In a 2005 interview, LaDou called pizza “a plaything for me back then, something I could make do almost anything I wanted.” Sales of gourmet pizzas everywhere prove customers enjoy playing along with him.
For all of pizza’s simplicities, the industry that’s grown around it has become decidedly high-tech. At Louisville, Ky.-based Papa John’s, computer-controlled conveyor ovens save energy by not burning at full power until they receive orders directly from an integrated POS system.
“What restaurant food is cooked in such a wide variety of ovens?” says Tom Lehmann, a director at the American Institute of Baking, where he teaches a weeklong course on pizza production. “Pizza companies want speed and consistency, and that’s driven manufacturers to develop some ingenious tools to do that.”
Pizza companies have pioneered online ordering, and operators say, online check averages are 10 percent higher because customers find menu options they’d never learn about in the course of a hasty phone call.

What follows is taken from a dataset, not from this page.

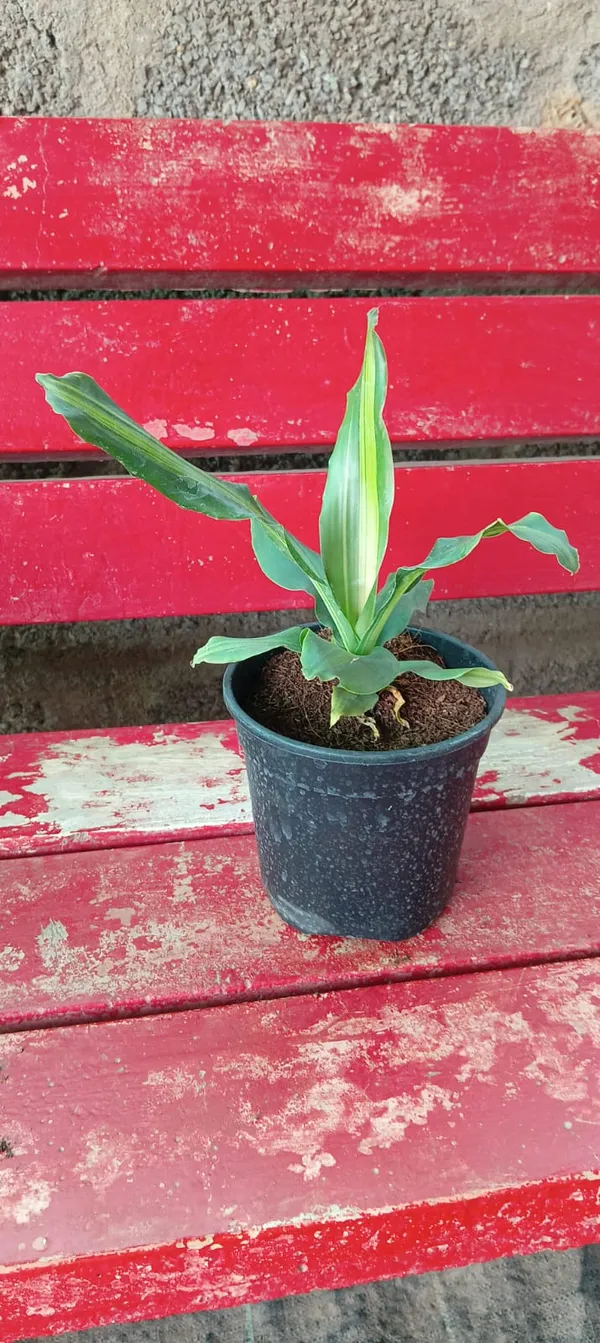 Dracaena_fragrans_'Massangeana'_(also_known_as_a_Corn_Plant)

“Online ordering is becoming a huge benefit,” says Vic Cassano, president of 36-unit Cassano’s Pizza in Kettering, Ohio.
The company’s one-number call center greatly reduced store-level stress, he says, but now the Internet is taking pressure off the call center.
“Anytime you can allow a computer to handle a task, you’ve lowered the tension some,” Cassano says.

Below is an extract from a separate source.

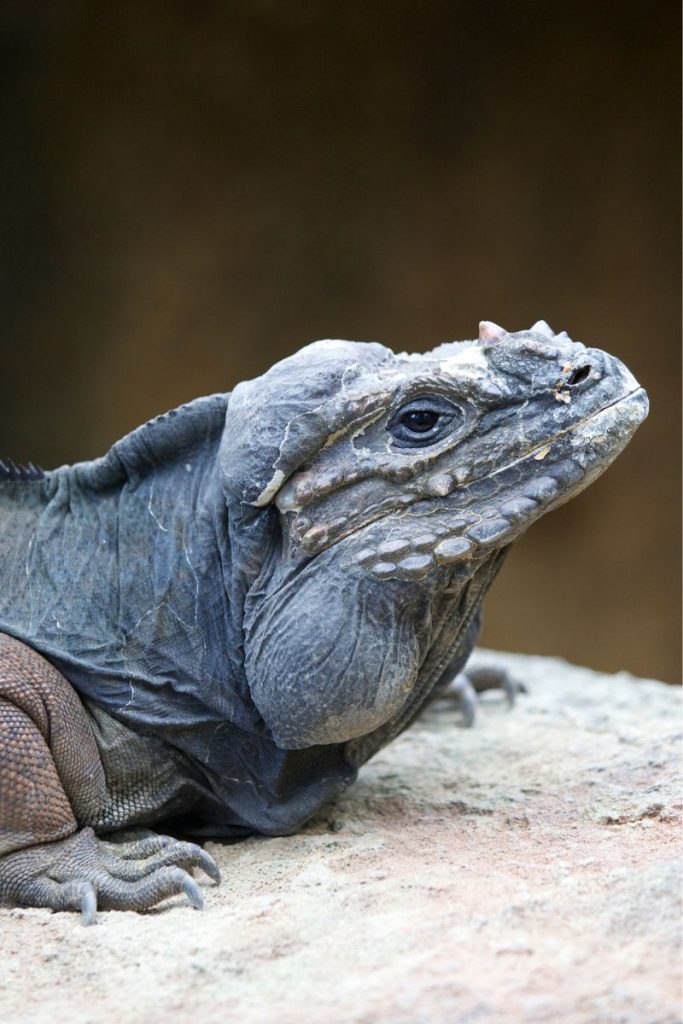 Neushoorn leguaan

In 2007, both Domino’s and Papa John’s rolled out cell phone text-ordering services. Papa John’s chief executive Nigel Travis anticipates texting will account for 3 percent of all its orders in the next few years. Domino’s spokesman Tim McIntyre says the Ann Arbor, Mich.-based chain’s text initiative is one part of a multipronged strategy designed to serve an emerging techno-demographic.
“We call them our ‘fast and simple’ customers, people who tend to be under 30, single, multitasking to the extreme and connected 24 hours a day through cell phones,” McIntyre says. “Virtually everything this group wants can be had at the click of a mouse, and we wanted to allow them to do that with pizza.”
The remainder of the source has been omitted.